IN A little over seven years’ time, Glasgow aims to become carbon neutral. The city’s residents, homes, businesses and industries will emit no more carbon into the atmosphere than can be removed from it.

A big challenge for any city seeking to achieve this goal is to know exactly where its carbon emissions – primarily in the form of carbon dioxide (CO2) – come from.

Currently, a city’s CO2 and greenhouse gas (GHG) emissions is determined by looking at consumption data – calculating how much fuel factories, households and traffic have burned in any given period – and extrapolating from there.

But in the UK, local authorities’ emissions data is published two years in arrears.

And while cities do monitor some streets for greenhouse gas emissions and other polluting gases, CO2 is generally not among them.
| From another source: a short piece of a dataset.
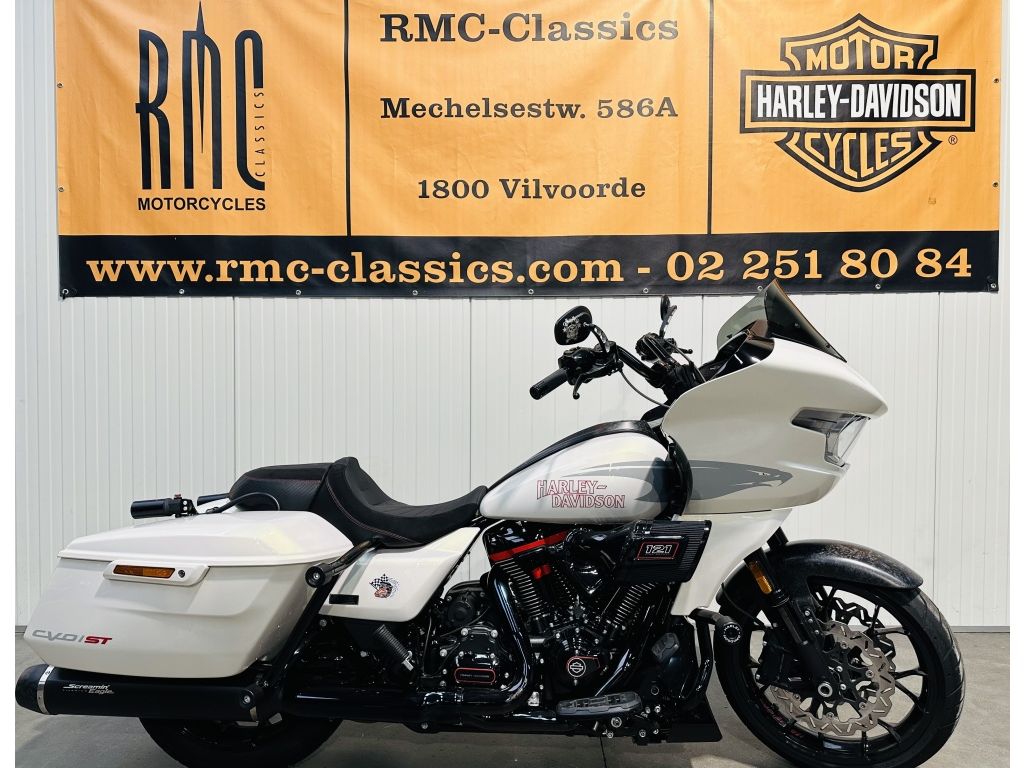 Tour CVO ROAD GLIDE ST 121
A pilot project headed by the University of Strathclyde in Glasgow, however, is taking steps to gain insight into this by establishing a dense network of 25 low-cost sensors to monitor CO2, along with carbon monoxide, nitrogen oxide, nitrogen dioxide, ozone and fine particles that are hazardous to health.
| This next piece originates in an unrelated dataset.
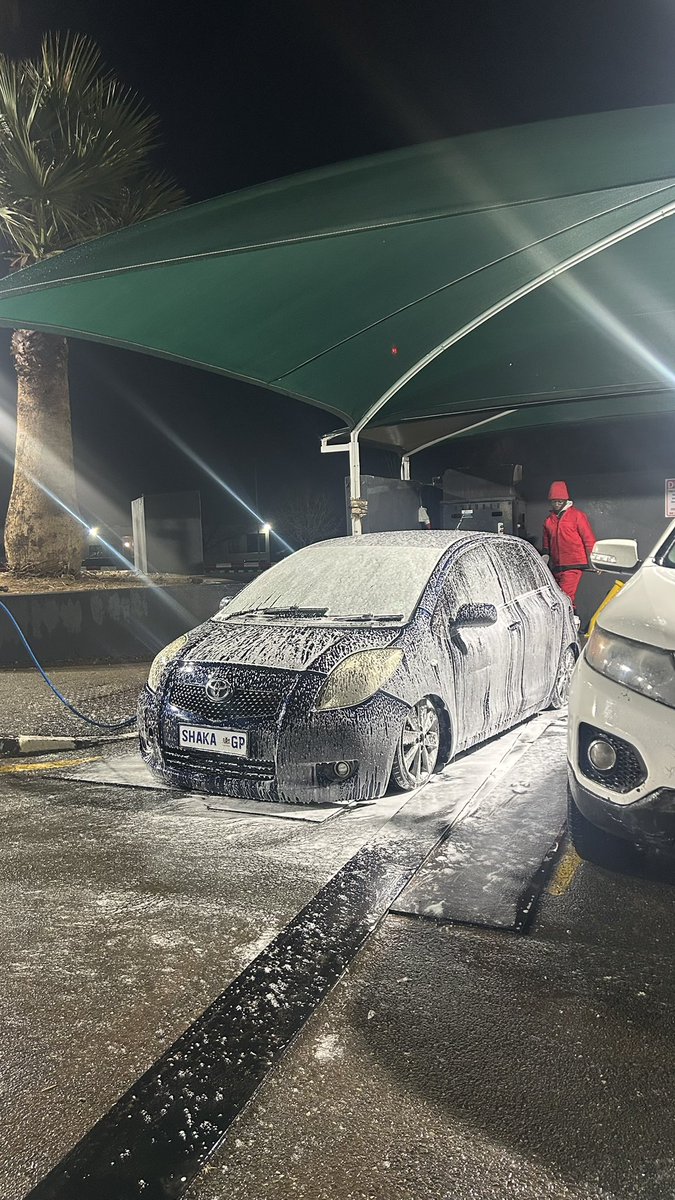 It’s 22:50 and I’m currently at the Carwash 🤣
Such networks can provide a high-resolution picture of the levels of any of these gases and pollutants at any given moment.

Not only is this helpful for city authorities in terms of managing air quality, it can provide up-to-date information on where CO2 emissions are originating.

This is achieved through ‘inverse modelling’ – essentially taking an air sample and combining that information with other data to work out where the gas came from.

For example, atmospheric transport models can identify emissions that came from outside the city boundaries, while naturally-occurring CO2 can be separated from the man-made emissions.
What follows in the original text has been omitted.